Although many assumed the closing ceremony would mark the end of the Pearls’ commitments until Tokyo 2020, the team had just three weeks off before resuming full-time training. Such is the growth of the women’s game.
It is progress like this that has led to this week’s launch of the Minerva Network – a mentor program aimed at helping elite sportswomen leverage commercial opportunities and broaden off-field prospects.
Quirk, a Minerva Network foundation athlete, says the program has already reaped rewards.
“Even in the short time I have been involved, the Network has provided experience you just couldn’t buy,” she says.
“Understanding and negotiating contracts, leadership advice, networking opportunities…and how to navigate all this while staying true to what people love about female athletes.
“It’s about women empowering women, which is such a great philosophy.”
Although she has benefitted from meeting a number of the Minerva mentors, Quirk is officially teamed with the Network’s chair and co-founder, Christine McLoughlin.
The pair was bound to connect eventually with both hailing from Wagga Wagga, the ‘City of Good Sports’.
The two families were already friends, but Quirk only met McLoughlin recently.

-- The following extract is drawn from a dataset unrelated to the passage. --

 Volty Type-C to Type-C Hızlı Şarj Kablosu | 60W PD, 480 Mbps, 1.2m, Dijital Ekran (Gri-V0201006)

On the persistent advice of McLoughlin’s father, whom she used to serve at Wagga’s RSL club, Quirk reached out to the Venues NSW Board Director for professional guidance.
The resulting partnership, as well as McLoughlin’s connections with other elite sportswomen such as cricketers Rachael Haynes and Alyssa Healy, marked Minerva’s informal beginnings.
McLoughlin says Minerva will help its athletes understand their true value.
“Some of these athletes are still learning what questions they should ask and what expectations they can have,” she says.
“They’re so excited to have made it on the main stage, they feel like have to be grateful to be there. But it's not unreasonable to be paid for things and it’s not unreasonable to be looked after.”
It seems some codes might be coming to terms with the value of their elite women, too. In January, Rugby Australia and the Rugby Union Players’ Association announced a new collective bargaining agreement, which included pay parity between the men’s and women’s squads (base salary) as well as a landmark Pregnancy Policy.
“There's been a massive leap in a short amount of time,” says Quirk. “Girls are being thrown into the spotlight, which they've been wanting for so long, but they've never really had.
“Minerva's a really great avenue to for proper guidance and respect, and to help us navigate the space in really positive way.”